BACKGROUND: Although the incidence of neutropenic fever (FN) is estimated to be up to 80% for some malignancies, the epidemiological characteristics and economic burden are not well understood for Australian patients. AIMS: To describe underlying malignant conditions, potential aetiologies, clinical outcomes and healthcare utilization for an Australian population with FN, and to estimate the economic burden of this condition within the Australian healthcare sector. METHODS: Epidemiological features of FN were extracted from a population-based hospital morbidity dataset, the Victorian Admitted Episodes Dataset (VAED), for a 12-month period (2008). These were analysed according for a range of malignancy categories. Economic burden of hospitalizations was estimated according to data presented in the Round 12 National Hospital Cost Data Collection Report. RESULTS: A total of 2599 admitted episodes across 92 Victorian hospitals fulfilled inclusion criteria for FN. Metropolitan hospitalizations accounted for 79% episodes. FN illness comprised underlying solid tumours diagnoses (40%), followed by leukaemia (29.3%), lymphoma (22%) and myeloma (8.5%). Length of hospital stay was >15 days for approximately one-third of hospitalizations. intensive care unit admission rates were 5.9-11.7%. Weighted average costs of hospitalization (AUD) for solid tumours, lymphoma, myeloma and leukaemia were $8309 ± $391, 18,145 ± $1602, $21,764 ± $1289 and $22,596 ± $2618 respectively. CONCLUSIONS: Using VAED indices, epidemiological features of Australian patients with FN appear comparable with international reports. In contrast to US data, estimated healthcare costs are up to 50% lower in the Australian healthcare sector. These data offer important insights for prioritizing of research agendas and resource allocation.

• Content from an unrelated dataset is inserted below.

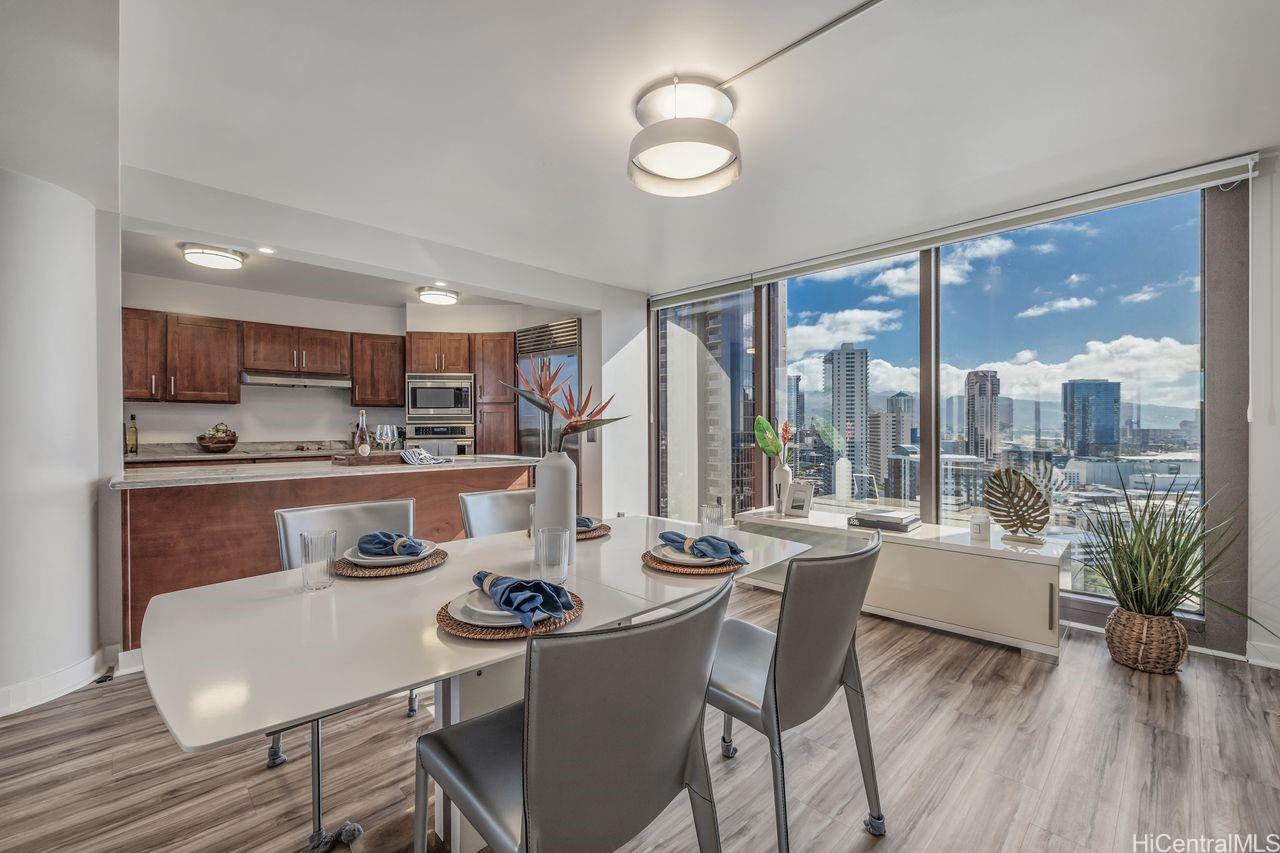 One Waterfront Tower condo # Makai 2504, Honolulu, Hawaii - photo 11 of 18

An Australian survey of clinical practices in management of neutropenic fever in adult cancer patients 2009.

BACKGROUND: An abundance of new evidence regarding treatment strategies for neutropenic fever is likely to contribute to variability in practice across institutions and clinicians alike. AIMS: To describe current clinical practices in Australia, by surveying haematologists, oncologists and infectious diseases physicians involved in cancer care. METHODS: Clinician members from Australian professional associations, accounting for the vast majority of Australian cancer specialists, were invited to participate in an electronic survey, comprising of a clinical case-based questionnaire. Clinical practice areas explored were: use of risk-assessment and empiric antibiotic strategies across various treatment settings; use of anti-bacterial prophylaxis; and use of granulocyte-colony stimulating factors for established neutropenic fever and for secondary prophylaxis. RESULTS: A total of 252 clinicians returned responses (approximately 30% response rate). The majority (>70%) were representative of practices in public, major city, tertiary referral hospitals. Less than half of clinicians were aware of risk-assessment tools and less than quarter currently used ambulatory care strategies. If adequate resources were made available, more than 80% were willing to use risk-assessment tools and 60% more clinicians were likely to use ambulatory care strategies. Most clinicians prescribed dual therapy parenteral antibiotics, even for clinically stable patients (53% haematologists, 56% oncologists). Granulocyte-colony stimulating factor was used frequently as secondary prophylaxis in the breast cancer case (91%), follicular lymphoma case (59%) and non-small cell lung cancer case (31%). Fluoroquinolone prophylaxis was infrequently prescribed (19% oncologists, 30% haematologists). CONCLUSIONS: Evidence-practice gaps were identified around the use of risk-assessment-based empiric therapy, and help to inform better clinical guidance.